When it opened, it operated out of a space it rented from the downtown YWCA It located to the current location in 1997.

While the Traveling Lantern Theatre Company and Polaris Dance Theatre are no longer members of the ArtsHub, as of 2019, Hand2Mouth Theatre, the LineStorm Playwrights collective, Portland Actors Conservatory, and the Fertile Ground Festival for new work are facilitated by the venue. This ArtsHub initiative won the 2016 Light A Fire Award for inspiring creativity.

By mid-2019, architectural plans were released by May for the new two-theater complex with room for the ArtsHub companies, as well as a $10 million capital campaign.
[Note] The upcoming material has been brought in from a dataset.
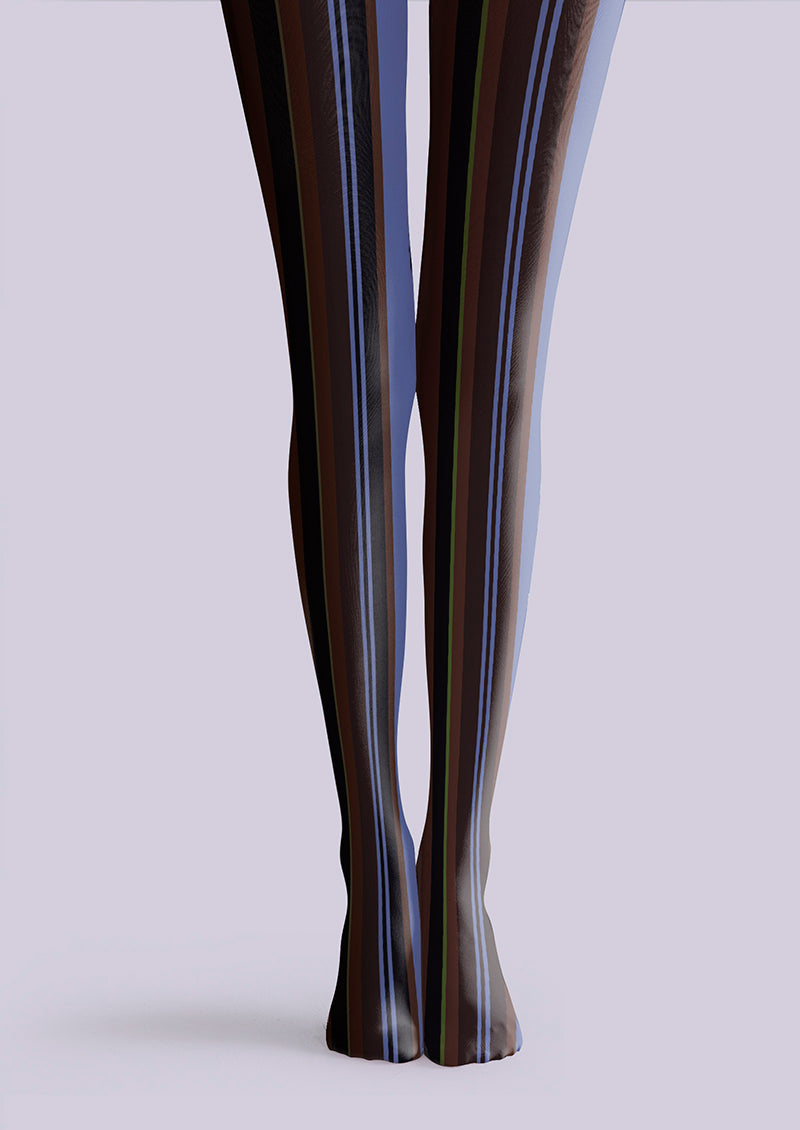 Viken Plan Dark Purple Vintage Stripes Tights Hosiery Pantyhose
The company's 2019–20 season was "On Tour", renting spaces across the city with Imago Theatre, Portland Opera, the Tiffany Center, Portland Center Stage, and Portland State University to put up the skeleton six-show season.

==Ensemble==
ART has operated on a repertory company model since 2008, meaning that they employ a dedicated stable of actors, playwrights, and other theatre-makers throughout a season rather than casting anew for each individual production. The company varies in size over time, sometimes as large as twenty-seven members.

==Productions==

===2017/2018 season===
- Magellanica by E.M. Lewis, world premiere National Endowment for the Arts gave a $10,000 grant to support its premiere.